Here is a test case generator for the given problem statement, which generates the N-th Lucas number:

```python
import random

def tcgen():
    N = random.randint(1, 86)
    return N

# Example Usage
if __name__ == "__main__":
    N = tcgen()
    print(N)
```

### Explanation:

1. **N Generation**: The generator function `tcgen()` generates a random integer \( N \) within the given constraint \( 1 \leq N \leq 86 \). This range is ensured using `random.randint(1, 86)`.
2. **Output**: The function returns the randomly generated \( N \).

### Example Usage:

When you call `tcgen()`, it will produce a random \( N \).

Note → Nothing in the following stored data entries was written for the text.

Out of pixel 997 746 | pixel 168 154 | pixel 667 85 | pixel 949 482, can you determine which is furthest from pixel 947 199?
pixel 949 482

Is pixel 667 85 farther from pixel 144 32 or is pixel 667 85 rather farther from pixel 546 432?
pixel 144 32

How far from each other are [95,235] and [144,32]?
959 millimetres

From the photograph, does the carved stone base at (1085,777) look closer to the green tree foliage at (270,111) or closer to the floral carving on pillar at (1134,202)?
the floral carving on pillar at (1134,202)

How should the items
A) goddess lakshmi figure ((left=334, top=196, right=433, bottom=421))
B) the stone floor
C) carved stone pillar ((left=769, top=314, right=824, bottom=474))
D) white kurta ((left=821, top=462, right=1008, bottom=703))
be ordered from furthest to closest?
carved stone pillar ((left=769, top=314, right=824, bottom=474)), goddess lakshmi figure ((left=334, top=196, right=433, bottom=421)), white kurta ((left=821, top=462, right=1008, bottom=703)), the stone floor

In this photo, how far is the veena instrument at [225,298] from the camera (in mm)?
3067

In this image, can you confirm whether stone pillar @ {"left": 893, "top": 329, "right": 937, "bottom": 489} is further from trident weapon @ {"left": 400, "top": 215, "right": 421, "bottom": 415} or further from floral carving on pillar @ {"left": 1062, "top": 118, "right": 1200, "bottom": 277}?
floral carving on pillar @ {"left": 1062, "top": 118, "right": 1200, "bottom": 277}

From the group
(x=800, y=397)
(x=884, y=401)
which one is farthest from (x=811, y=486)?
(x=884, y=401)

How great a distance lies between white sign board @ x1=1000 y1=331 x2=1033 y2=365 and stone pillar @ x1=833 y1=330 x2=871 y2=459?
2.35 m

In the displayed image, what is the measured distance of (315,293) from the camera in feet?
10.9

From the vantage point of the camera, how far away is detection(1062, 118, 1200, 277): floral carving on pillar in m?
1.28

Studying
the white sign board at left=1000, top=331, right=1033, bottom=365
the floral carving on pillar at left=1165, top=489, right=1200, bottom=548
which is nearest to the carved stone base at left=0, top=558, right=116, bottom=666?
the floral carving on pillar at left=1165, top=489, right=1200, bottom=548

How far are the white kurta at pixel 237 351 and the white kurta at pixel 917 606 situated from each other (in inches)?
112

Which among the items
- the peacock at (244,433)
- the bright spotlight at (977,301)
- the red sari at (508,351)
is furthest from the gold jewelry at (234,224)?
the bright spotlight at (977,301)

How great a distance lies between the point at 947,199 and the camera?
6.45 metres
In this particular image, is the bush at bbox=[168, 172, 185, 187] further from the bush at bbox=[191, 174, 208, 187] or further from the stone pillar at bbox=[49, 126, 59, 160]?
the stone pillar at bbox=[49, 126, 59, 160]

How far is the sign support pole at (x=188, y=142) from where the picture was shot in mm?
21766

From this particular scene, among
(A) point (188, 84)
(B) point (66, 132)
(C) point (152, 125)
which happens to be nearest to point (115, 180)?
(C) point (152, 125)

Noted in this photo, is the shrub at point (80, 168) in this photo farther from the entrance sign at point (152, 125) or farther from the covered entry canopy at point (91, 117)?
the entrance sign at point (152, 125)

For example:

```python
N = tcgen()
print(N)
```

This will print a random integer \( N \) within the range \([1, 86]\), suitable for testing the problem of finding the N-th Lucas number.

To actually compute the N-th Lucas number for verification or further testing, you can use the following function:

```python
def nth_lucas_number(N):
    if N == 0:
        return 2
    elif N == 1:
        return 1
    else:
        L0, L1 = 2, 1
        for _ in range(2, N + 1):
            L_next = L0 + L1
            L0, L1 = L1, L_next
        return L1

# Example Usage
if __name__ == "__main__":
    N = tcgen()
    print("Generated N:", N)
    print("N-th Lucas Number:", nth_lucas_number(N))
```

### Explanation of the Lucas Number Calculation:

1. **Base Cases**: For \( N = 0 \) and \( N = 1 \), the Lucas numbers are 2 and 1, respectively.
2. **Iterative Calculation**: For \( N \geq 2 \), the Lucas number is calculated iteratively using the relation \( L_i = L_{i-1} + L_{i-2} \).

This will generate the required Lucas number for the given \( N \).